Aussie AI
Chapter 11. Linters and Static Analysis
-
Book Excerpt from "Safe C++: Fixing Memory Safety Issues"
-
by David Spuler
Linters for C++
Linters, or “static analyzers,” are tools that examine your source code for errors or stylistic concerns. The main advantage of these tools is that they improve safety "for free" without any runtime impact for your customers. Judicious use of static checkers on your C++ source code can detect a variety of errors before they impact customers. The main advantages of linters include:
- Detect coding errors before the code is even run.
- Both security vulnerabilities and bugs can be flagged.
- General improvement in coding quality.
- Reduced debugging time because the number of live bugs is reduced.
- Can be used for stylistic issues or coding policy guidelines.
There are also some linters that focus on "reformatting" and "beautification" of source code. Similarly, there are source code analysis tools that aim to auto-generate internal code documentation. I'm not really talking about those ones in this section. I'm hunting bugs!
Linters are not for everyone, and are less popular with developers than runtime memory checkers. Disadvantages of linters include:
- Additional cost and time to implement and address issues in an ongoing way.
- Fixing harmless warnings (e.g., need to fix warnings that aren't real bugs).
- Stylistic warnings are never popular with developers.
- Configuration of some linters is onerous (e.g., they need all the include paths setup).
You should consider linters as an additional safety technique, which is orthogonal to runtime techniques such as runtime memory checking tools. Linting is an add-on technique for additional improvements to overall quality. General advice in regard to using linters for C++ programming is:
- Use compiler warnings as free linting.
- Turn off less serious stylistic warnings when introducing linting.
- Use a separate linter build sequence.
- Have two linter paths (i.e., one for bugs, one for style).
- Use multiple compilers and linters for extra coverage.
- Automate linting into the nightly build.

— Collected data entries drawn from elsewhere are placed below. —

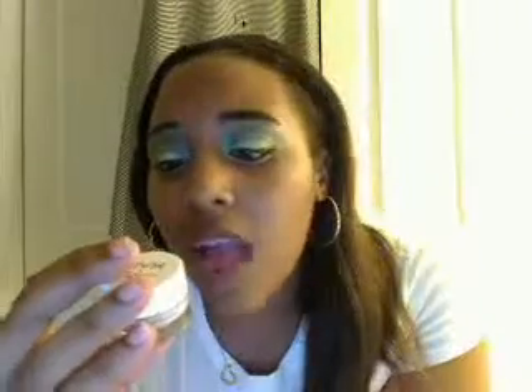Let me read what it says on the side of the jar: 'For a hundred times brightening effect, eyeshadow base with pearls' — they call this White Pearl. It's seven grams for six dollars, which isn't bad. It also says 'Set base camp for true stay-on, stay-put, and stay-long eyeshadow colors,' so it's claiming to be long-wearing.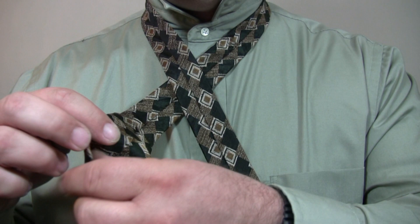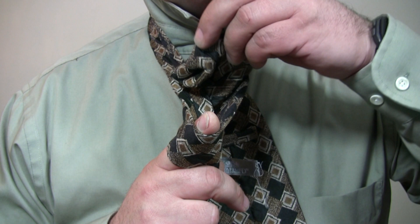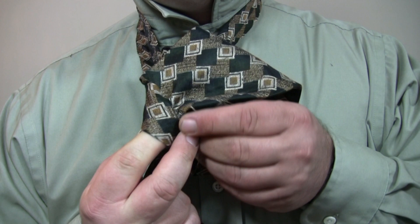Bring the wide end across the front back to the right, keeping a finger in the knot. Bring the wide end up through the loop around your neck. Finally, bring the wide end through the knot where your finger is.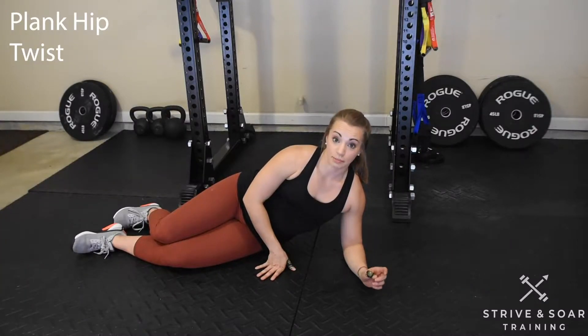Let's go over the plank hip twist. I'm going to get in a plank position on my elbows.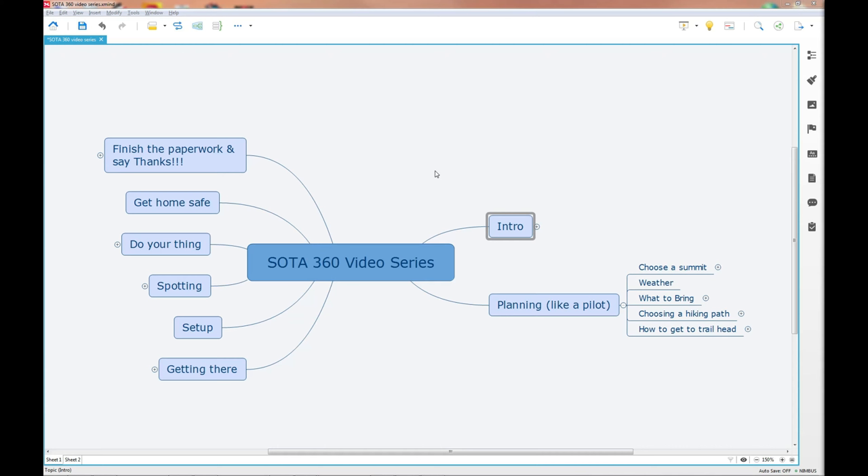We talked about choosing a summit, the tools I use, how I check the weather and why, a little bit about what to bring, the equipment I bring and why, and we talked about safety as well. In this video, I'm going to start off by talking about what prominence is. It's not anything you really need to remember, but as we get into the charting applications it might become interesting because it explains why some peaks are SOTA summits and others are not.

In the past, linters have gained a somewhat poor reputation because of two factors:
- Not finding many bugs, and
- Emitting a huge swathe of warnings for minor, stylistic nitpicks.
These concerns are largely no longer true of both open source and commercial linting tools. Linting tools can now detect a huge range of real bugs in your code, and many can be focused to only emit serious bugs or security vulnerabilities. You can, of course, turn on all of the stylistic warnings if you want to use a linter for enforcing a company-wide C++ coding policy, in which case, they won't be popular with the team.
Using GCC as a Linter
If you want more warnings, and who doesn’t, you can enable more warnings
in gcc on Linux.
You can either do this in your main build by enabling more compiler warnings,
or use a separate build path (e.g., choose an inspiring name like: “make lint”)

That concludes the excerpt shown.